Wednesday, January 7th, 2009

Shop owner’s house of cards is still standing

Two days ago, I went back to my old playground.

There was no swingset, though. No monkey bars, no sandbox, not even any grass.

That’s because my old playground is an unassuming baseball card shop in my hometown called Sportscard Outlet. I can’t remember the last time I was there. Had to be at least seven years, probably longer.

What I do remember is a guy named Vince, majestic stacks of baseball cards and five great years of my childhood.

If you ever collected cards, I’m sure you had your own Sportcard Outlet – the kind of place where you and your friends would go three or four times a week to blow the better part of your allowance, all the while hoping to pull that ’89 Upper Deck Ken Griffey Jr. or that ’90 Leaf Frank Thomas.

To be completely honest, this column started out as an RIP for the sports card industry. I had done some research online and found nothing but doom, gloom, and worst of all, greed in a pastime that had once seemed so innocent to me.

So when I decided to drop by Sportscard Outlet, I expected to see the same doom and gloom. Heck, I half expected there not to be a Sportscard Outlet anymore.

I didn’t even bring my tape recorder or notebook. I figured I already had the whole story: Oversaturation of the market and the 1994 strike had depressed both prices and kids’ interest, to the point that shops everywhere were closing down.

But sure enough, when I walked into the shop – six inches taller and hundreds of beers older – there was Vince, sorting cards. 

This is a story about one of the good guys. It’s one that they never teach you in economics class, because it’s about a guy who thinks about something besides the bottom line.

All those afternoons that my buddy Mike and I came into Vince’s shop, he always talked to us, always told us about new sets coming out, always looked through our collections for anything he might want to buy. I can’t imagine how annoying we were.

But you see, Vince is still in business precisely because he did all these things. And when I came into the shop, it only took him half a minute to remember me.

“Oh yeah, you and Michael,” he said. “You guys used to play field hockey in junior high, right?”

We caught up for a while, then I told him about this column. He started talking and talking about the industry with the same excitement one of his sixth-grade customers gets when opening a new pack of cards.

“It’s funny,” he says. “The guys who catered to the big spenders are no longer doing business. Let ‘em go. I tell people that if they want to make big money, go to your stock broker and good luck.”

Vince admits that he has been lucky to do business in a well-off area, where kids have money to spend on cards. But he’s still had to weather the stormy times.

“I don’t pretend like I’m not a businessman, but I also don’t try and sell pity,” he says.

He pauses, as Ed from Lloyd’s Plumbing comes into the shop to ask Vince what he’d like for lunch.

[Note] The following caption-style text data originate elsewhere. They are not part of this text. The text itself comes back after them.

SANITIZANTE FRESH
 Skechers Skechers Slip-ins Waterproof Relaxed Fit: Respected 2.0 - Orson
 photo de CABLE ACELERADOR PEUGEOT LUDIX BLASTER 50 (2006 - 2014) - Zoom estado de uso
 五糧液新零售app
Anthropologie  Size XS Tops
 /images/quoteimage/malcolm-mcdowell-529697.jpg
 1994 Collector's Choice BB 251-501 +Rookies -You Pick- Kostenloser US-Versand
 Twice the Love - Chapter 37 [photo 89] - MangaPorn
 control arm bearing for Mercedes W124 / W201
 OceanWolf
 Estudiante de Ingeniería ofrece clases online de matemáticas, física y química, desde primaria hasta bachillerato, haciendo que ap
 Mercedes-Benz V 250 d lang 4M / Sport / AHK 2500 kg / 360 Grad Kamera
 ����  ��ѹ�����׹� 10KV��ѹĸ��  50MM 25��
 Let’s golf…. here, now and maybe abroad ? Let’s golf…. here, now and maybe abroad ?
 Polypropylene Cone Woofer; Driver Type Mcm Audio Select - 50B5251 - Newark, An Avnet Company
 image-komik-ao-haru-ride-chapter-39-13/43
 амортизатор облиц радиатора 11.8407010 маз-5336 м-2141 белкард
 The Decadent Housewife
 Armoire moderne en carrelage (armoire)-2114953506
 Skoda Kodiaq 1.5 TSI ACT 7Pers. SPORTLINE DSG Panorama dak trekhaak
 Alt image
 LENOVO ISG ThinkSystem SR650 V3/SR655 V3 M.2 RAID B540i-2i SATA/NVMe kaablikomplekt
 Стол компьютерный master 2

“See, I do have a core group of big money people, but they’re legit collectors. I have overcome through resourcefulness, and good relationships have gotten me through the hard times.”

Part of that resourcefulness has been the realization that he couldn’t get by with the shop alone. But instead of shutting down Sportscard Outlet, Vince has taken a day job and comes to the shop from 4 to 8 p.m., Mondays through Thursdays.

The other days, he’s open the full eight hours. But all seven days, he’s doing the same things he did for Mike and me seven years ago, with all new customers.

“It takes more work dealing with little kids, but the big spenders can get what they want online or at card shows,” he says. “They don’t need a hobby shop. I’m definitely an exception to the rule, but that should be a lesson.”

On my way out, for the first time in almost a decade, I got the itch. I bought a couple of packs and bid Vince goodbye.

They say you can’t relive your past, but as I started up my car and saw a couple of kids walk into Sportscard Outlet, I saw Mike and me going to our playground for the first time.